▶ [ASSIGNMENT]
Once the line with "Modell 44 - Äsche" is found, write it out along with each later line exactly, through the end of the entries, skipping every picture.

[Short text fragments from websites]

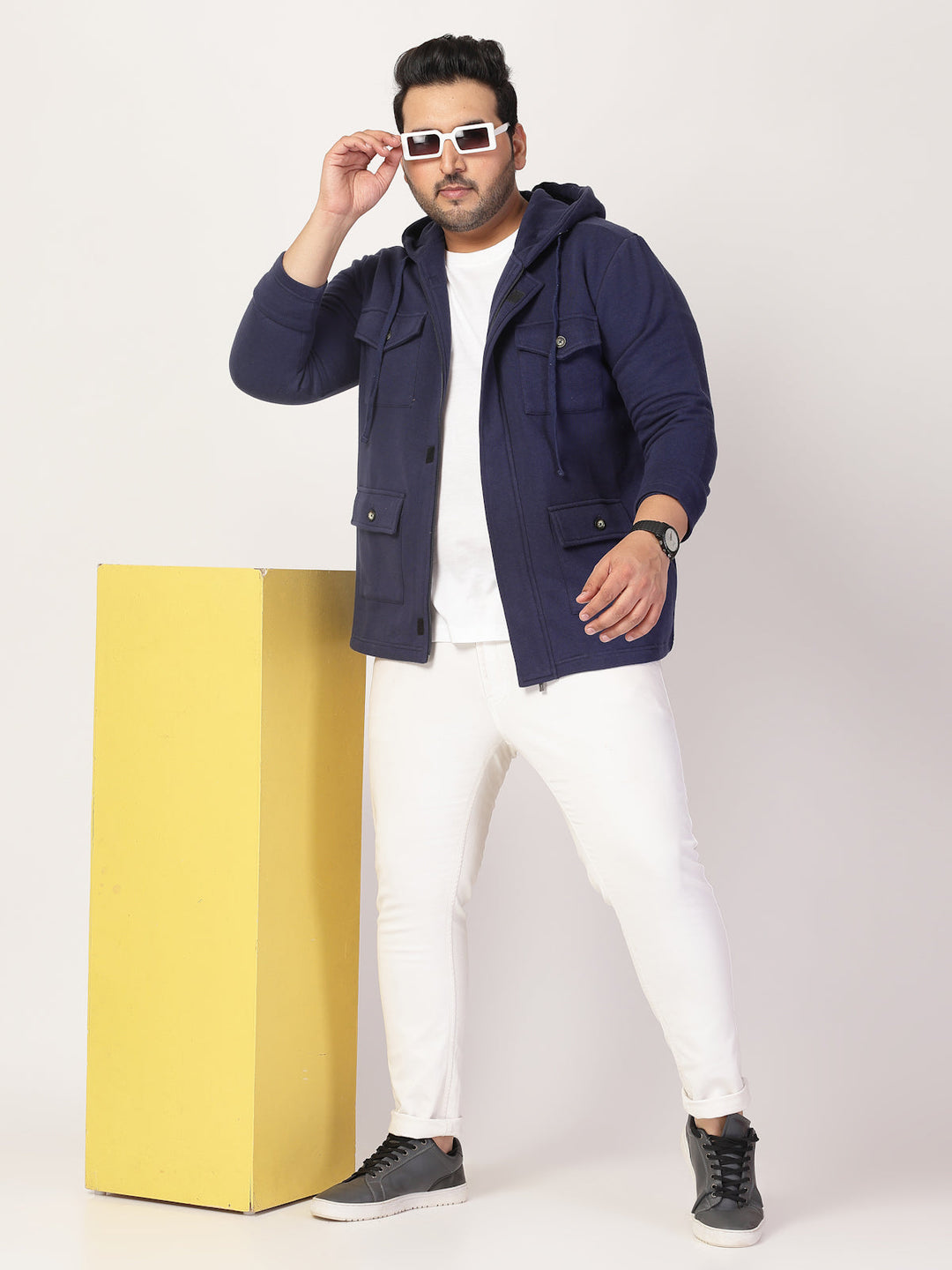 Plus Size Men Geometric Striped Fleece Longline Tailored Jacket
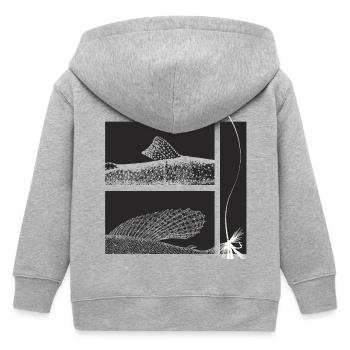 Modell 44 - Äsche und Forelle - Kinder Organic Kapuzenjacke Mini Cultivator von Stanley/Stella - Grau meliert - Hinten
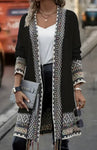 Tasseled Geo Print Cardigan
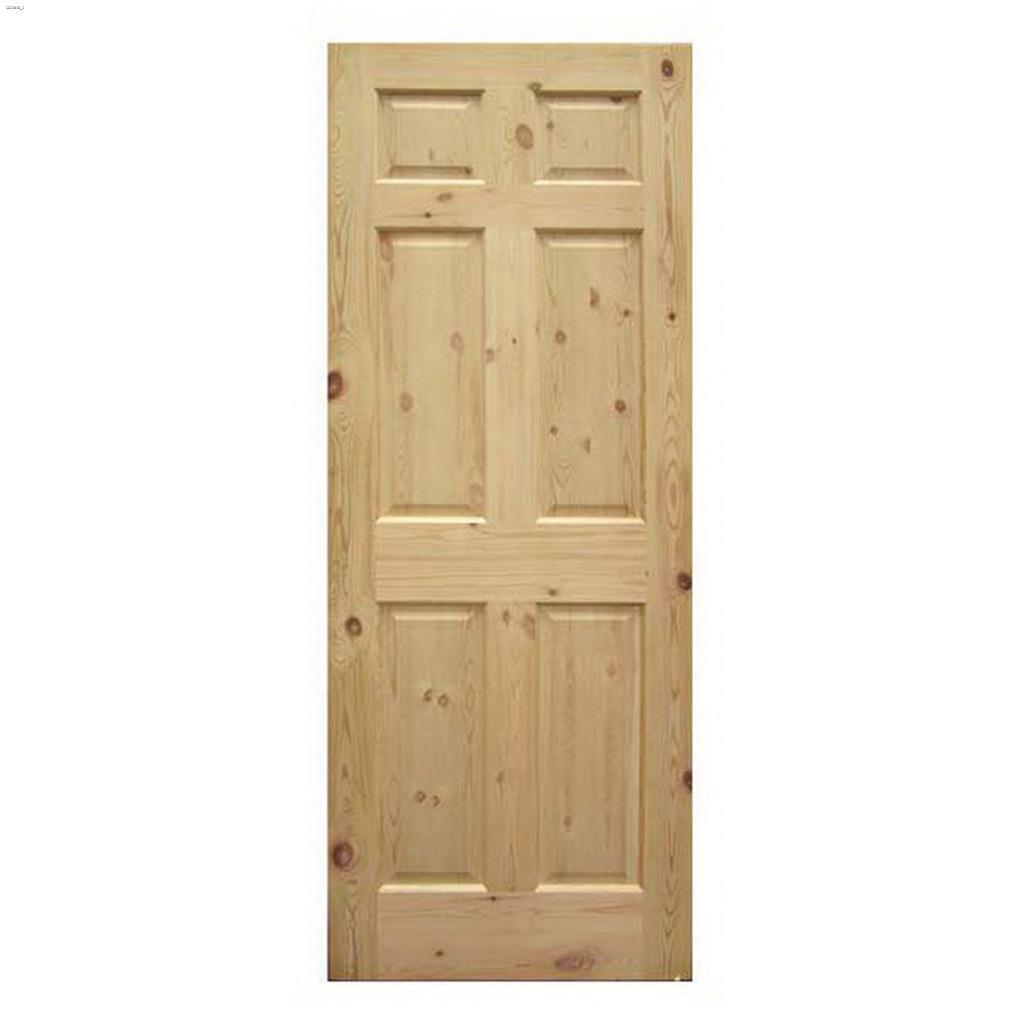 Cale de porte à 6 panneaux en pin noueux 32" x 80"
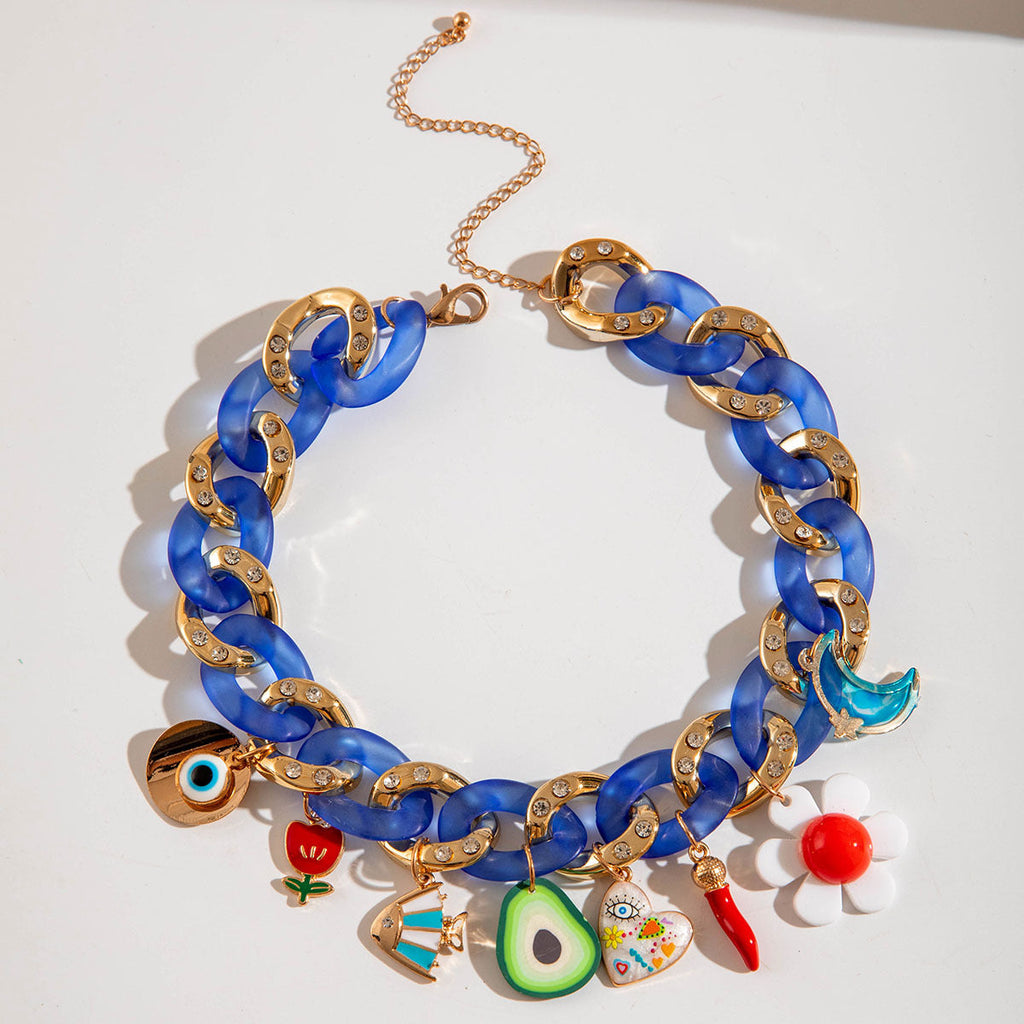 Evil Eye Heart Flower 18K Gold CZ Acrylic Choker Necklace Bulk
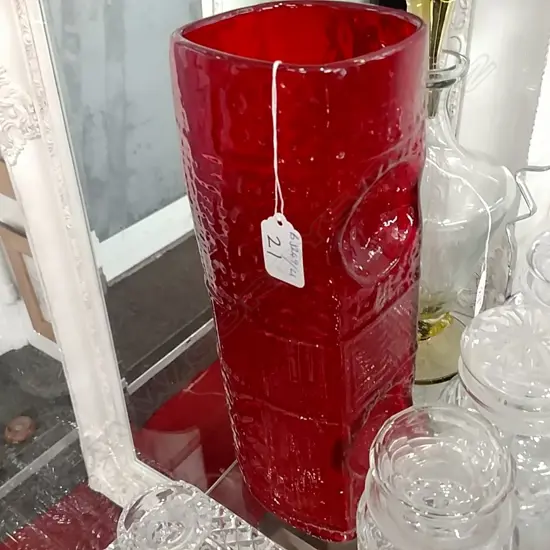 TALL RED GLASS WHITEFRIARS? VASE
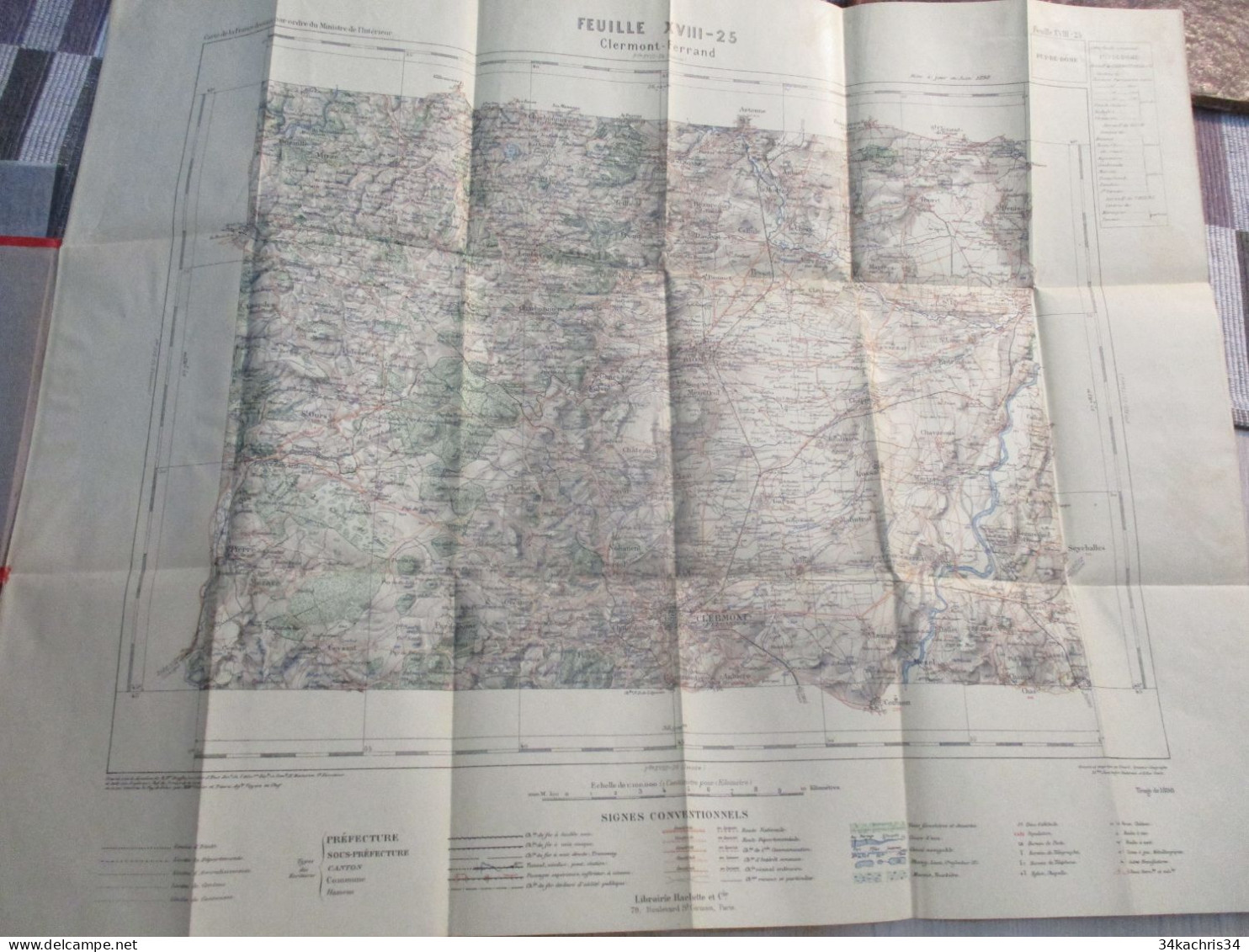 L11 Carte Géographique 1/100 000 Hachette Ministère De L'Intérieur Clermont Ferrand Puy De Dôme 1898 - Geographische Kaarten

▶ [RESULT OF THE EXERCISE]
 Modell 44 - Äsche und Forelle - Kinder Organic Kapuzenjacke Mini Cultivator von Stanley/Stella - Grau meliert - Hinten
 Tasseled Geo Print Cardigan
 Cale de porte à 6 panneaux en pin noueux 32" x 80"
 Evil Eye Heart Flower 18K Gold CZ Acrylic Choker Necklace Bulk
 TALL RED GLASS WHITEFRIARS? VASE
 L11 Carte Géographique 1/100 000 Hachette Ministère De L'Intérieur Clermont Ferrand Puy De Dôme 1898 - Geographische Kaarten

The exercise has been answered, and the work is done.